What the task requires => Each line of the material must be repeated precisely, with the pictures left out.
Given material section start
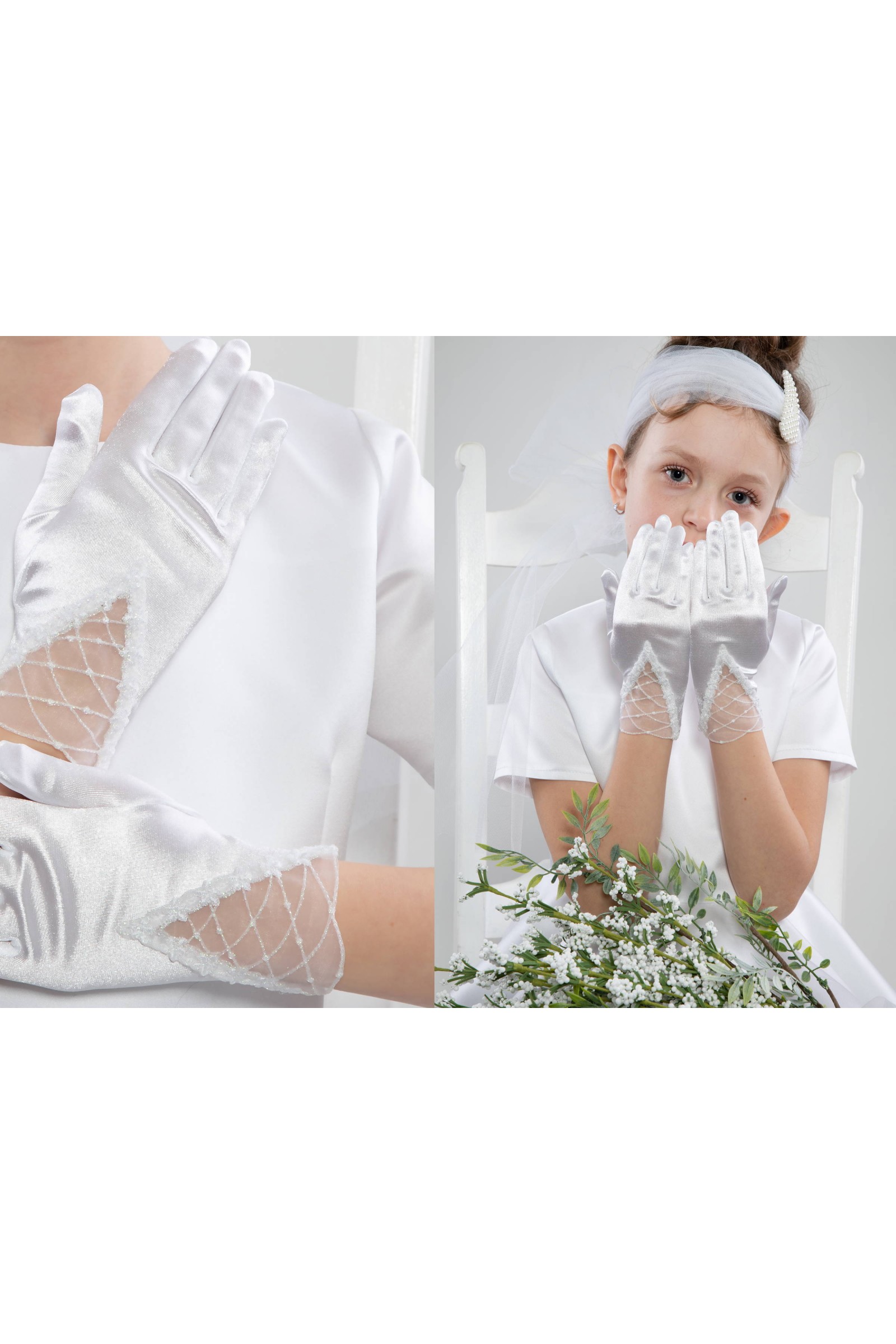 Gants de Communion Classiques UK-Nr19 Gants de Communion Classiques UK-Nr19 - obraz 3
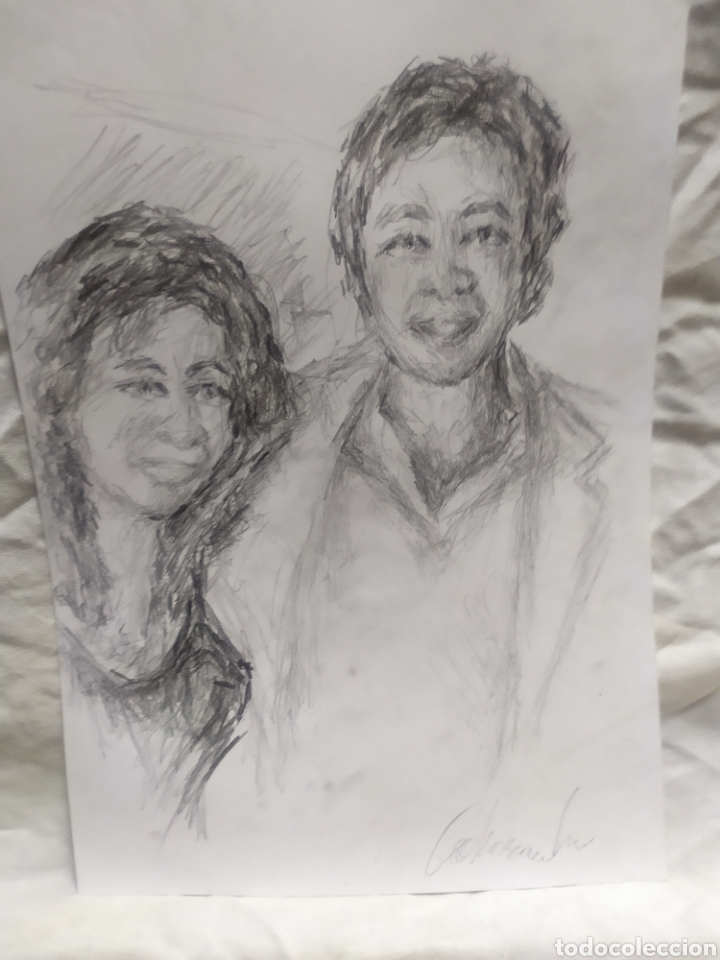 Arte: Pareja (original) - Foto 1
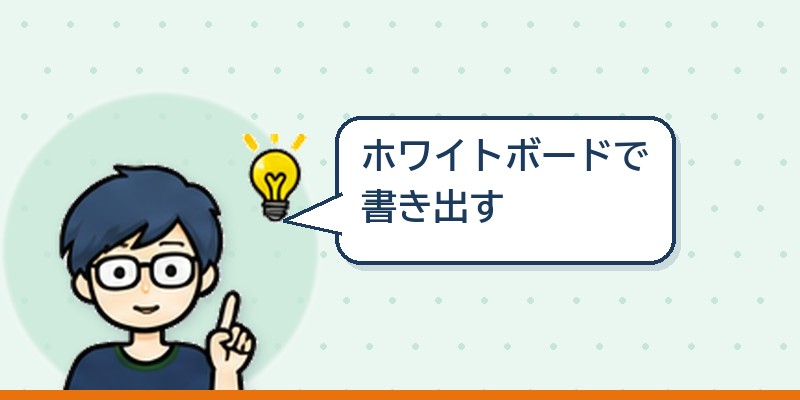 ホワイトボードで書き出した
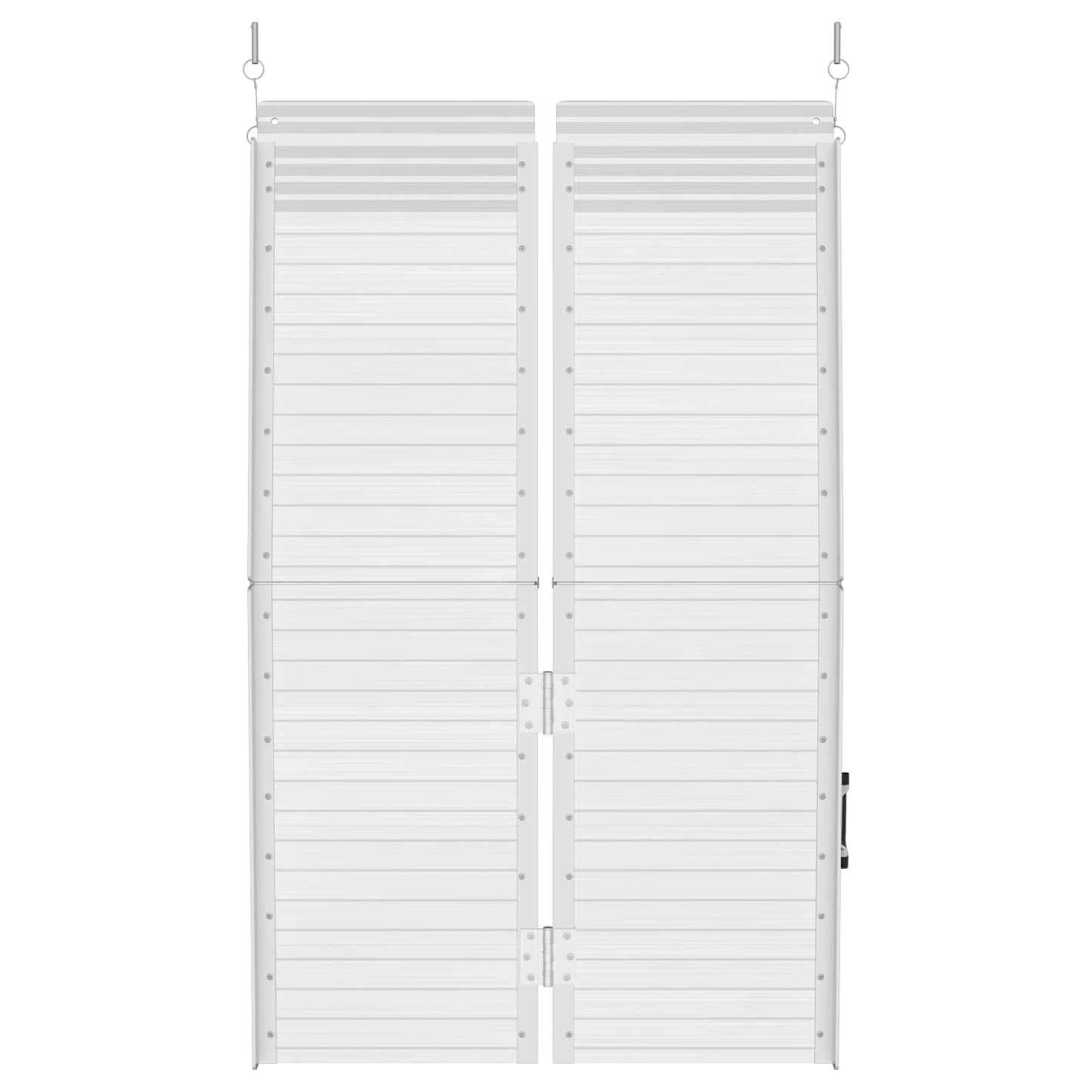 Rampe für Rollstühle 270 kg Silber 92 x 73 x 5 cm Aluminium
Given material section end
Response to this task =>
 Gants de Communion Classiques UK-Nr19 Gants de Communion Classiques UK-Nr19 - obraz 3
 Arte: Pareja (original) - Foto 1
 ホワイトボードで書き出した
 Rampe für Rollstühle 270 kg Silber 92 x 73 x 5 cm Aluminium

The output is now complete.